Mon. Oct 7th, 2024

Do what’nsoever you want to do with me, Brer Fox, but please, please, please! Don’t throw me in that briar patch!”

“Do what’nsoever you want to do with me, Mr. Right Wing Congressman, but please, please, please! Don’t throw Public Broadcasting into that commercial broadcasting pit!”

So let me get this straight. If James O’Keefe does it, it’s a “sting,” or “investigative journalism.” Even if his edits turn it all into a rather convenient lie. If the Buffalo Beast does it, even if the target hung themselves, it’s a prank call and such things must be outlawed.

Right.

So much for there being a “liberal media.”

Speaking of Public Broadcasting’s most recent made to walk the plank-er for doing what’s politically incorrect these days: Ron Schiller. Made to walk the plank for bashing teabaggers at a fake fundraiser meeting. Ron has every right to those opinions. Should he have been voicing them at a meeting like that? Not wise, for sure. Does that mean the majority of those who are involved in public broadcasting feel that way? No, no more than all Republican governors support Walker, or are Koch shills, although the last might be quite likely considering how the Right is funded these days.

I know what I am about to suggest will turn off some readers, some whom I suspect are big fans of NPR, and PBS. Please remember: this is one example of one possibility. The message here is more about tactics.

Sooner or later, they will gut whatever is left of government funding to public broadcasting. It’s going to happen.

I was listening to one of the two NPR streams on Sirius. I honestly don’t remember the program. It was a discussion of the drive to defund public broadcasting. John Fund was given plenty of time to state his opinions. He was never interrupted. Not buffered by two or three rabid Lefties. John Fund said that he is all in favor of funding public broadcasting. But with a caveat: “they must straighten out their act” and “appeal” more to mainstream; “middle America” Then he said, “Be more ‘balanced.'”

Oopsie.

That’s a “caught attempting drown my supposedly ‘non-partisan,’ ‘merely analytical point’ like a bag of kittens in a septic tank” moment.

A moment later, with a significant pause between “more” and the previous use of “balanced,” he substituted another word, “(be more) ‘inclusive.'” I could tell he realized using “balanced” probably let his true intent out of the bag; the kind of “bag” one might use to drown those who don’t follow the Right’s idea of what’s politically correct. It was pointed at what’s left of less than Right focused public broadcasting. The mainstream media has been joining the Right Wing FOX march to the river for quite a while now. Fund wants to legally insist public broadcasting join the parade.

Apparently he has less than “no problem” if public broadcasting becomes nothing more than yet another, redundant, source of Right Wing talking points.
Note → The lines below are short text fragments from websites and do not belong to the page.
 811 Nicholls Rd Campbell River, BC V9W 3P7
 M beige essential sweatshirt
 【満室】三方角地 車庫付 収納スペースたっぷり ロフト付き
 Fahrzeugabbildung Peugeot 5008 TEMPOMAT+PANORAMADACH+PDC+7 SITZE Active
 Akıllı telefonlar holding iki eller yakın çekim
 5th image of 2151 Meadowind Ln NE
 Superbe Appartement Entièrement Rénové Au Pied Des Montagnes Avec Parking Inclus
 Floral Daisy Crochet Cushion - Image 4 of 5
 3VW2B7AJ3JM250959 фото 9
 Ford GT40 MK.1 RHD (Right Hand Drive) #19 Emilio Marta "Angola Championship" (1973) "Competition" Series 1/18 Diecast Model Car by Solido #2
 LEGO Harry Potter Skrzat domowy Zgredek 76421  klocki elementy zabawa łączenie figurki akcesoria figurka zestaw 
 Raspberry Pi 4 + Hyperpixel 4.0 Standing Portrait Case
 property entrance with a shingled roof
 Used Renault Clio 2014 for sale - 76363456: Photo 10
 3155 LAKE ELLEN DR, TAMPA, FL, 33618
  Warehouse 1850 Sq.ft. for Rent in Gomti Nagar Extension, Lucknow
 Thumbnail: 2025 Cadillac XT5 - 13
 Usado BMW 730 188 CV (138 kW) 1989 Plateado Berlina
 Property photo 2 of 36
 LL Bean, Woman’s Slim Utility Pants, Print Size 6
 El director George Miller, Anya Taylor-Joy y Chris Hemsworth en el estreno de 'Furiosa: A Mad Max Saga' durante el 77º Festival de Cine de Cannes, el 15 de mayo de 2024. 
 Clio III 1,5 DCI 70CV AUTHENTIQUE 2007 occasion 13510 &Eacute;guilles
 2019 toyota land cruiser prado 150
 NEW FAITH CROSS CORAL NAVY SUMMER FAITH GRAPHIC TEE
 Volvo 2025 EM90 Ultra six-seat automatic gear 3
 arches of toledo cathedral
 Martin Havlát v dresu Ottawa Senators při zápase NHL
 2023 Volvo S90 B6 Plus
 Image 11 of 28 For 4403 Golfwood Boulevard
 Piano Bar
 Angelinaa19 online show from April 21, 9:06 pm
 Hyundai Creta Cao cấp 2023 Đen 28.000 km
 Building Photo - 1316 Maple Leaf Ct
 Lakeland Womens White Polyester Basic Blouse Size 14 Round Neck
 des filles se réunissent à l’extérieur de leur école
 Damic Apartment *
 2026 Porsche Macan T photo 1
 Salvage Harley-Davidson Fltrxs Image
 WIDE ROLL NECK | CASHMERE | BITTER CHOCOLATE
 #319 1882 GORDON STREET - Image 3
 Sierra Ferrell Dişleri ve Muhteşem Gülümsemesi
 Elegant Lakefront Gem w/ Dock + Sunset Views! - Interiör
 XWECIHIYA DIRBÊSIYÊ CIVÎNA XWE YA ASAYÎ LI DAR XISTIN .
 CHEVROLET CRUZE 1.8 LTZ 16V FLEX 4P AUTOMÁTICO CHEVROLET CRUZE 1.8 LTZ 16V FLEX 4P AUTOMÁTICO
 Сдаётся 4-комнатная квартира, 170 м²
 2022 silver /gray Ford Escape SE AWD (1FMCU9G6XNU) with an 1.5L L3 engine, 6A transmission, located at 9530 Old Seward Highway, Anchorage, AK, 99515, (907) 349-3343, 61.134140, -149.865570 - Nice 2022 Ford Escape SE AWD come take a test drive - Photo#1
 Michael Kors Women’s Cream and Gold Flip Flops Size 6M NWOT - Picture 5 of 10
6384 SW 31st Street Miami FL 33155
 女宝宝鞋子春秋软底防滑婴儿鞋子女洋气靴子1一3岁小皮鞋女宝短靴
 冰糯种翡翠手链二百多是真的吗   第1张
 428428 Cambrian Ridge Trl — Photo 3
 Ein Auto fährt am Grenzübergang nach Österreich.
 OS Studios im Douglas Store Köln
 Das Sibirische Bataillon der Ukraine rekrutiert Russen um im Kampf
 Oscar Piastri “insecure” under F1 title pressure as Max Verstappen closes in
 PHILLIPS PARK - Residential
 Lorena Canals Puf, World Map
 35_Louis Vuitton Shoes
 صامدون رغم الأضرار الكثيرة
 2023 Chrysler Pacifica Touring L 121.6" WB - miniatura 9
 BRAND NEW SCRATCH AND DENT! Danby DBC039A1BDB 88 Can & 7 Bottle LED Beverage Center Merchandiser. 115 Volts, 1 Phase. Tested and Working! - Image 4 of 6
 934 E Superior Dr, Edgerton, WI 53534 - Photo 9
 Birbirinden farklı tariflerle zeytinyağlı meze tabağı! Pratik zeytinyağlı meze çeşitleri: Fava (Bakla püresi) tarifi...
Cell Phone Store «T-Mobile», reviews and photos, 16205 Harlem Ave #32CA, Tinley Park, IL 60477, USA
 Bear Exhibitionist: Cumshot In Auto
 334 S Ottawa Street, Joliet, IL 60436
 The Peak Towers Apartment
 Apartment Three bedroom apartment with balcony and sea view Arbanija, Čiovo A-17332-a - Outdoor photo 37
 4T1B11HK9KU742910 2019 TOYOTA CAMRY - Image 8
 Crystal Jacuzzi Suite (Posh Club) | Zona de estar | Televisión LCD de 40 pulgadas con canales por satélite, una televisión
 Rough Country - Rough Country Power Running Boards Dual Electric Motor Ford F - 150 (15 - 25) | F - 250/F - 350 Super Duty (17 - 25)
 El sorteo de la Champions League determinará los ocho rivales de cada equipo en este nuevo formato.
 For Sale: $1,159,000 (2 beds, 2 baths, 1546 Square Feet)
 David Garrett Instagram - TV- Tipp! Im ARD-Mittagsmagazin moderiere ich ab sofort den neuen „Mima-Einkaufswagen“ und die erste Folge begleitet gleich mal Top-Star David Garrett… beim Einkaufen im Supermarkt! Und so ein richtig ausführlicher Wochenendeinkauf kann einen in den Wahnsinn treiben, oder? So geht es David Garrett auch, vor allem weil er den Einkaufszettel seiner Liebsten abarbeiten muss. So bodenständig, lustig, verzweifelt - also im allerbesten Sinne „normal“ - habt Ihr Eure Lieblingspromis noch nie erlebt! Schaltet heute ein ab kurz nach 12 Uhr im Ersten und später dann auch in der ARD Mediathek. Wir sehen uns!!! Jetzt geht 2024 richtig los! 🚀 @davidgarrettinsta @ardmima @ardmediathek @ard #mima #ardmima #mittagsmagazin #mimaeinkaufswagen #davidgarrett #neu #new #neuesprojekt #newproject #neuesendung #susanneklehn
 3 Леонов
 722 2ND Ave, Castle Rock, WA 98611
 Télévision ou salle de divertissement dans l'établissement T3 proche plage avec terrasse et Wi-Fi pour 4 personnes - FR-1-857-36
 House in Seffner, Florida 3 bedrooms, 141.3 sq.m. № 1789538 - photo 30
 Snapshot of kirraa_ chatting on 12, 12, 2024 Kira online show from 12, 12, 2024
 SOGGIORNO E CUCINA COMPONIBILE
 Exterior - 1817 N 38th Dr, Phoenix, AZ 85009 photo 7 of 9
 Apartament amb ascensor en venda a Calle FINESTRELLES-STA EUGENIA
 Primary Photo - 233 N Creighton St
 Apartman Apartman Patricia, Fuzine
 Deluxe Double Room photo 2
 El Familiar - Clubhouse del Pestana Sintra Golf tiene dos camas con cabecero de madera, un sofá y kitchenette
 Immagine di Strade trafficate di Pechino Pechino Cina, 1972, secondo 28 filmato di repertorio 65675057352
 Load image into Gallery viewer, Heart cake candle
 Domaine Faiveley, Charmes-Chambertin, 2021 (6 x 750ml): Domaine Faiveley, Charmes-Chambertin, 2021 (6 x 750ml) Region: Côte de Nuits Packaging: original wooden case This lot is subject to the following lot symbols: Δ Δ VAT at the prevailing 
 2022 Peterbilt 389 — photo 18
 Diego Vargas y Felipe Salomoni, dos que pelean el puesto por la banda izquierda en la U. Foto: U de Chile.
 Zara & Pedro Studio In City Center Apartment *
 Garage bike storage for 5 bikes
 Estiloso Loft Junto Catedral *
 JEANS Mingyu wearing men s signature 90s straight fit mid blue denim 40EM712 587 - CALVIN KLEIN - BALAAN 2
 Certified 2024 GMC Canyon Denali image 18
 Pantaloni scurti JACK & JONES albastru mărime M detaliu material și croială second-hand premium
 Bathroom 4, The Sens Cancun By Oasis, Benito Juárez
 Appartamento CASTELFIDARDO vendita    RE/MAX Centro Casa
Then, and only then, is it OK if it sucks off a governmental teat, once it lost every ounce of independence from a FOX-like group think.

The irony was let out of the “bag” before he chose the word “balanced,” if you simply paid attention. Here, on NPR, he was allowed all the time he needed and not buffered by two or more rabid lefties. He wasn’t shouted over. He wasn’t interrupted. He wasn’t called names. His mike wasn’t potted down. Pure irony: NPR can be quite “balanced.” However the only network claiming “balance” has all the interruptions, shot overs and more.

Indeed it reflects the extreme mental imbalance of the Right and their fake “news” media.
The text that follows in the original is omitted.